Domain 1 : pencegahan merupakan upaya untuk menghindari dari kondisi sakit, meliputi : imunisasi, skrining pada kelompok rentan, dan penemuan kasus malnutrisi.

Domain 2 : Preventive health education adalah pendidikan yang ditujukan untuk mendorong perubahan perilaku sehat individu dalam upaya pencegahan terhadap penyakit dan pendidikan yang diberikan tenaga kesehatan yang digunakan untuk mendukung layanan pencegahan. Contoh dukungan tenaga kesehatan dalam hal skrining nutrisi atau penggunaan fasilitas public, mendorong keluarga rawan gizi untuk aktif dating ke posyandu.

Domain 3 : Preventive health protection merupakan sebuah peraturan, sebagai contoh program makanan tambahan amak sekolah, peraturan makanan yang aman, kebijakan fiscal untuk industry makanan.

Domain 4 : Protective health education merupakan pendidikan kesehatan untuk mendukung domain 3 yang ditujukan untuk pencegahan. Contoh proses lobi untuk peraturan makanan yang sehat, penambahan pajak untuk makanan dan upaya lain yang mempengaruhi pada lingkungan social sebagai tindakan efektif yang sinergi dengan pelayanan pencegahan.

Domain 5 : health education meliputi pendidikan yang ditujukan mendorong perubahan perilaku sehat individu untuk mencapai kesehatan yang lebih optimal, seperti mendorong untuk melakukan aktivitas, merubah kebiasaan diet, dan empowering indivisu atau kelompok untuk sejahtera.
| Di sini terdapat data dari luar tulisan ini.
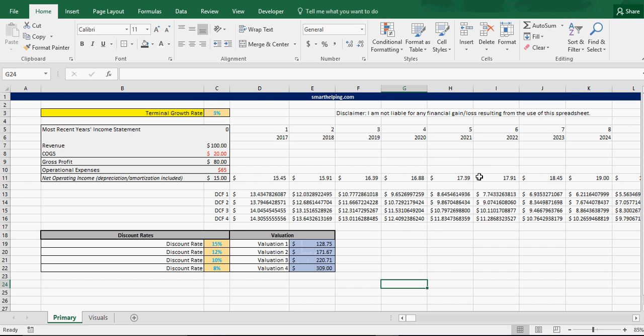All right, welcome back to the Excel model experience from SmartHelping.com. I'm Jason Varner, the builder of SmartHelping.com and the Excel sheets. Now, this one has been around for a while. It's really simple and ingenious, I think.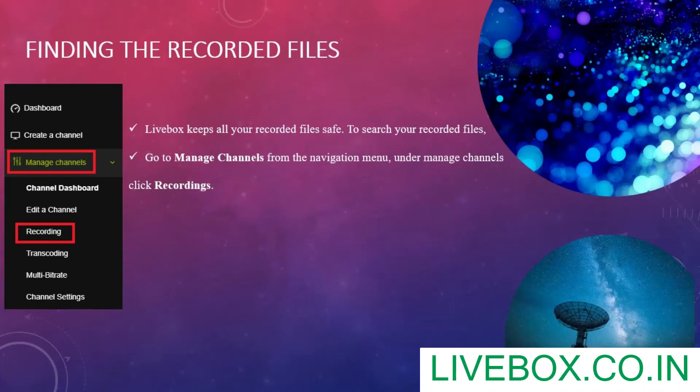How to find your recorded files, videos? Livebox keeps all your recorded files safe.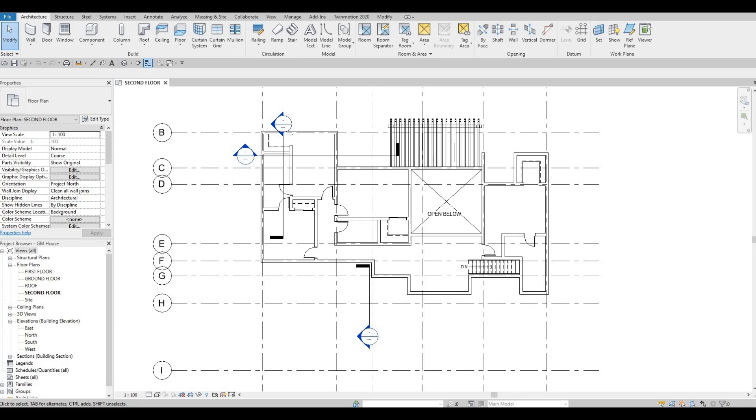Hi everyone, welcome back to my channel. In today's video we're going to continue working on Part 13 of this house build. Let's get started.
Domain 6 : health protection adalah peraturan pemerintah. Contoh kebijakan keuangan untuk meningkatkan sarana dan prasarana yang menunjang kesehatan seperti sarana rekreasi dan fasilitas olahraga di komunitas, menciptakan sarana bermain bagi anak, program bantuan stimulasi usaha bagi keluarga untuk meningkatkan ketahanan pangan keluarga.

Domain 7 : Health protective health education untuk mencapai kondisi lebih sejahtera, contoh lobbying dengan pembuat kebijakan. Mendorong dan mendukung anggota masyarakat untuk mengekspresikan keinginannya seperti perlunya sarana olah raga. Menfasilitasi keluarga rawan gizi, berdialog dengan pemegang kebijakan setingkat lurah, petugas pemegang program nutrisi di tingkat puskesmas dan dinas kesehatan.

Family- Centered Nursing

Praktek keluarga sebagai pusat keperawatan didasarkan pada perspektif bahwa keluarga adalah unit dasar untuk perawatan individu dari anggota keluarga dan dari unit yang lebih luas. Keluarga adalah unit dasar dari sebuah komunitas dan masyarakat, mempresentasikan perbedaan budaya, rasial, etnik, dan sosioekonomi. Aplikasi dari teori ini termasuk mempertimbangkan faktor social, ekonomi, politik dan budaya ketika melakukan pengkajian dan perencanaan, implementasi, dan evaluasi perawatan pada anak dan keluarga.

Penerapan asuhan keperawatan keluarga dengan pendekatan family-centered nursing salah satunya menggunakan Friedman Model. Pengkajian dengan model ini melihat keluarga sebagai subsistem dari masyarakat. Proses keperawatan keluarga meliputi : pengkajian, diagnose keperawatan, intervensi, implementasi, dan evaluasi.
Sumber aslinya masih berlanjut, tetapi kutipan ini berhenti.